* **Data for this task**
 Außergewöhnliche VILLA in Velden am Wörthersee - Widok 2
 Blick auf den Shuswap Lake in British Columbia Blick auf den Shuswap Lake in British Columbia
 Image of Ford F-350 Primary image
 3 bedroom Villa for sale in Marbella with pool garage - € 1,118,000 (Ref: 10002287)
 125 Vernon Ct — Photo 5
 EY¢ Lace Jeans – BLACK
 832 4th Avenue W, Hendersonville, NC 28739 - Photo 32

...

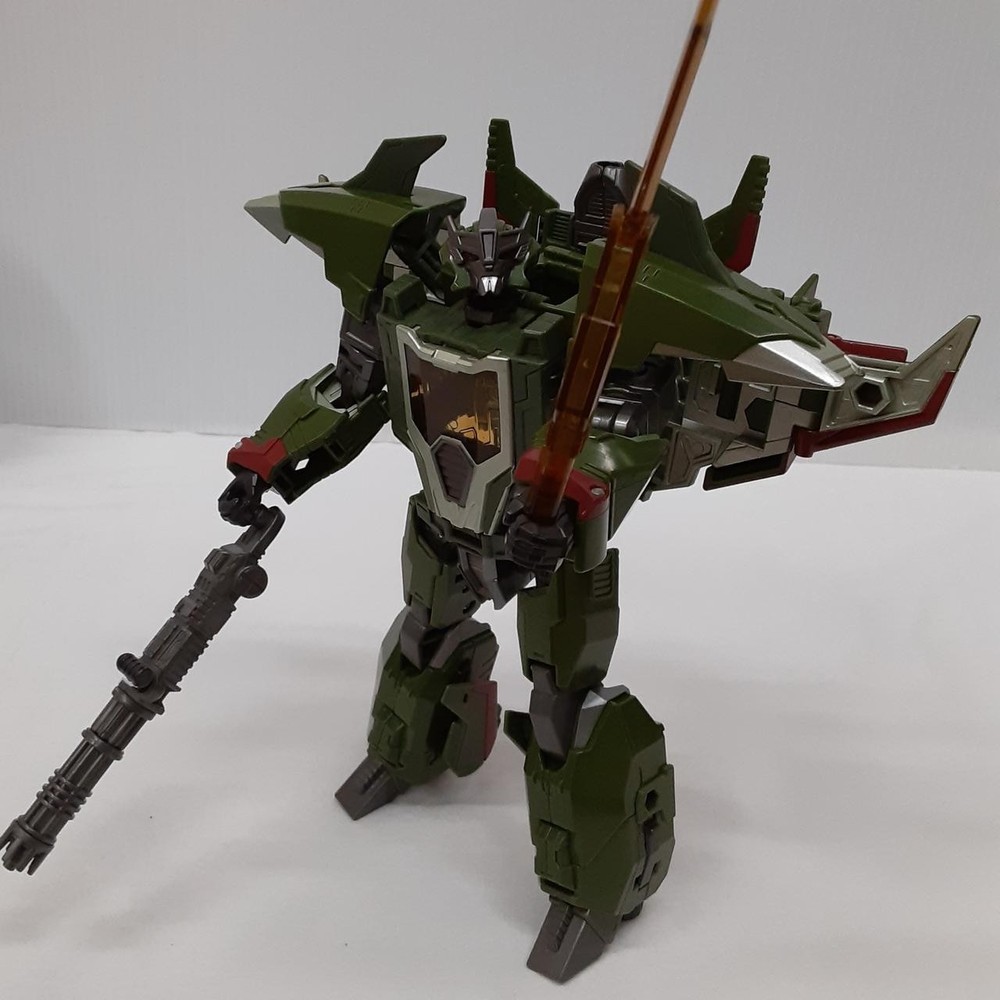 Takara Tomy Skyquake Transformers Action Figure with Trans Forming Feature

* **Instructions for the task**
The answer must be every line from the records above that contains the word "Photo", copied out.

* **Answer section**
 125 Vernon Ct — Photo 5
 832 4th Avenue W, Hendersonville, NC 28739 - Photo 32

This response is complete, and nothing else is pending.